In spite of Bryce's promises profits continued to fall. AHC followed the standard practice of cost cutting. The largest costs are staff - the same staff who had once been courted by the company. By mid-1999 large numbers of nurses were leaving. This is usually due to so much pressure on them so that the work ceases to give satisfaction. If so then this backfired. AHC ended by using increasing numbers of costly agency staff.

AHC had reduced rehabilitation staff and then set about deskilling its rehabilitation units in order to meet a 22% profit target. Bryce seemed to have bowed to the bean counters and probably AHC's business advisors. Profits were put first.

If both insurers and hospital corporations expected a 22% profit then that would leave about 56% of the money set aside for care. Add to that the costs of central administration, of marketing, of the business of competition and there would be much less than 50% left to actually provide that care - a very different sort of inefficiency in a system whose legitimacy is based on claims to efficiency.

The other point here is that like Tenet Healthcare and Columbia/HCA the company had started setting profit goals for hospitals and managers and then attacking care when they were not met.

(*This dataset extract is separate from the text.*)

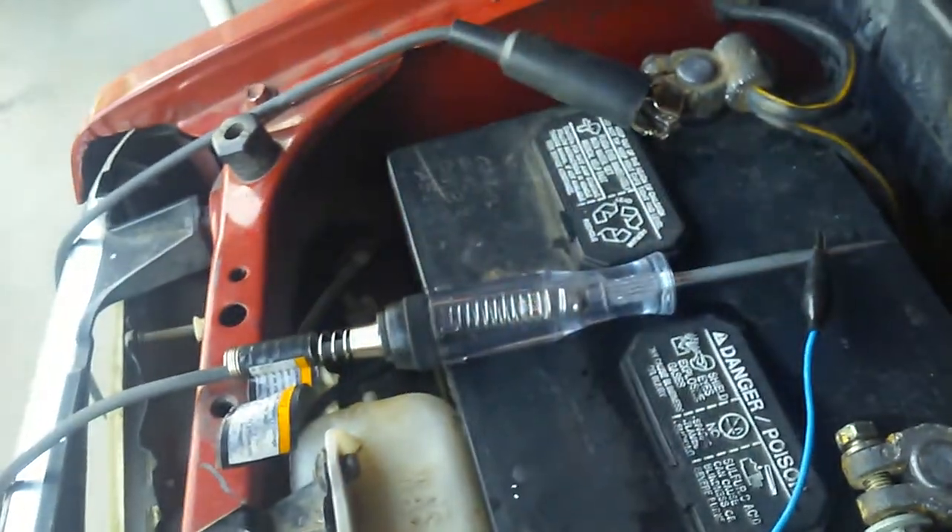Number two is barely plugged in. Watch — when I plug number two in and put my hand over here, it lights up. Disconnect number two, it turns off.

The hospital wasn't losing money. It simply was not profitable enough.

The share price kept falling and in June 1999 there was another share buy back.

Mar 1999 More losses

The Directors of AHX today announced that the Company's operating profit after tax but before abnormals for the year to 30 June 1999 was expected to be below last years operating profit result.
ASX-Australian Hospital Care Limited (AHX.AX) Operating Profit Outlook. Australian Stock Exchange Company Announcements March 23, 1999

Apr 1999 Nurses

This positive turnover trend was offset by severe margin pressure largely through higher wage costs where agency nursing services were increasingly used due to increasing departures of nurses from nursing altogether or into agency employment.
REVIEW - AUST HOSPITAL CARE (AHX) $1.03. Your Money Weekly April 8, 1999

Jun 1999 The old TAC rehab hospitalk not profitable enough

The Australian Health Professionals Association's branch secretary, Ms Kathy Jackson, said since the centre was privatised, staff numbers had fallen by 10 per cent.

"They want to replace specialist staff with less experienced, but cheaper staff,'' Ms Jackson said.

"If they expected rehabilitation to be a cash cow when they bought the centre from the TAC then they didn't do their research properly because rehabilitation is labor intensive.

"The staff here aren't prepared to forego the quality of the service to increase profits for shareholders.''

The staff changes were revealed in April during the enterprise bargaining process between the association and Australian Hospital Care.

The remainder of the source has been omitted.